For now, with most staff reductions out of the way, what can finance executives do to recapture the hearts and minds of the people who remain? Over the next few days, I will provide some suggestions for creating a positive and productive culture that not only serves to motivate finance employees, but also sets an example for the rest of the organization.

Back to the Finance Function of the Future?

In Uncategorized on June 21, 2011 at 5:19 pm

There I was, trapped in 1995, reading an article about how finance organizations should shift their focus away from being transaction processors to becoming a more “value-added partner with the business”.  Only it wasn’t 1995 – it was 2011 – and it wasn’t just one article……..  What the heck!?  Didn’t I already live through this once!?  In the mid-90’s, Arthur Andersen was heralding the finance function of the future, an organizational utopia where finance shed its perception as a mere scorekeeper and focused on “more value added activities” like analytics.  Yes, I had spent my consulting youth in the 90’s buried in shared services and finance transformations enabled by the latest and greatest ERP systems.  So why was I here?  Did someone fire up my flux capacitor when I wasn’t looking?
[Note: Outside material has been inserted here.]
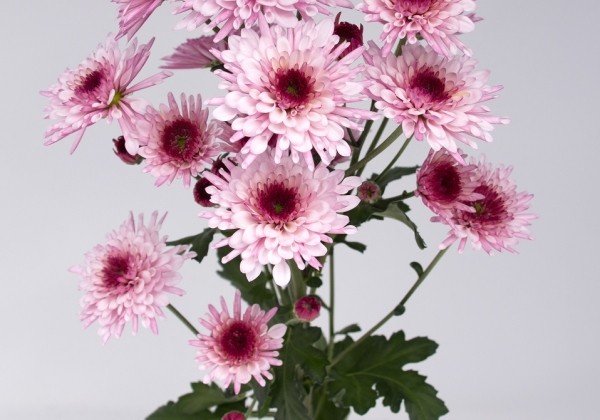 Chrysanthemum, daudzziedu Adana Pink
 Are there really that many companies out there trapped in a time warp with multiple ERP systems and duplicative transaction processing functions scattered about the country and the globe?! Surely there can’t be enough to warrant the flood of recycled shared services literature that I see littered across the web?!  Perhaps with an uptick in M&A activity, there are a few new acquirers out there who are now faced with having to streamline disparate accounting functions for the first time?  And what about the apprehensive management teams who proclaimed that “our value comes from the autonomy we provide to our businesses” because it was hard to muster the energy to push through the dissent with what they knew made great sense for the enterprise as a whole?  Maybe the economic upheaval of the last few years sprouted some courage and removed an excuse not to seize the opportunity?  And then there is the middle market – maybe those who had been caught up in the turmoil of the last decade have now finally awakened to the cost saving and service level benefits of shared services?
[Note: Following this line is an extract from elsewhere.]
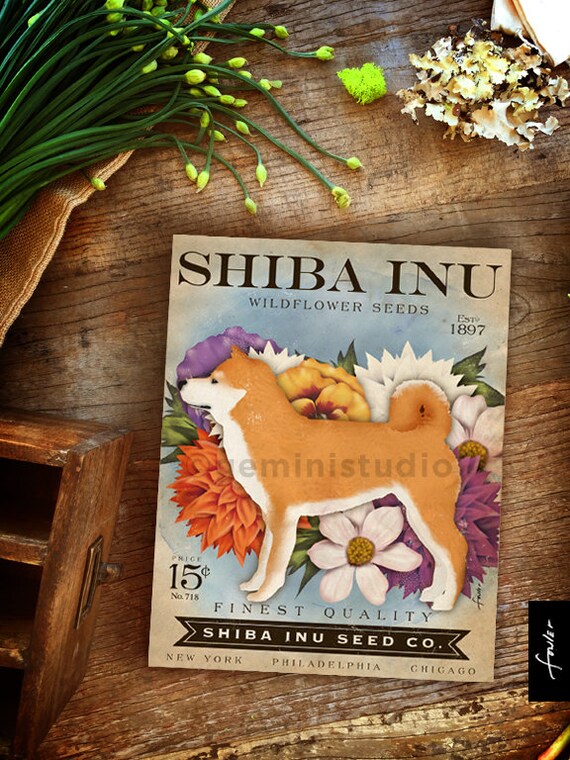 Shiba Inu Seed Company Dog Seed Packet Artwork On Gallery Etsy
 Whatever the reasons, those companies who have not evaluated leveraged service models, including both shared services and business process outsourcing, are behind the curve and losing ground quickly.  Many companies adopted continuous improvement cultures when they originally adopted shared services and are on their second, third, and fourth generations of leveraged services.  Their models are constantly changing – not only to include other transaction processes but now other activities, even strategic ones.  These companies consistently ask “what can we do better, how can we improve customer service, and how can we more effectively manage costs”.   Make no mistake, leveraged services will not provide a competitive advantage – your competitors are already doing it.  Leveraged services are a competitive necessity.

 The “finance function of the future” is here – it’s been here and it is constantly changing.  Those companies who have mastered leveraged services have moved on to other frontiers such as honing their reporting and performance management processes and abandoning the annual budgeting processes in favor of more strategic cross-fiscal year rolling forecasts.  So if you are stuck in 1995 – or even in 2010 – please say hello to Fred and Barney.  Be a Jetson, not a Flintstone.  Stay out of the history books.  It’s time to get moving!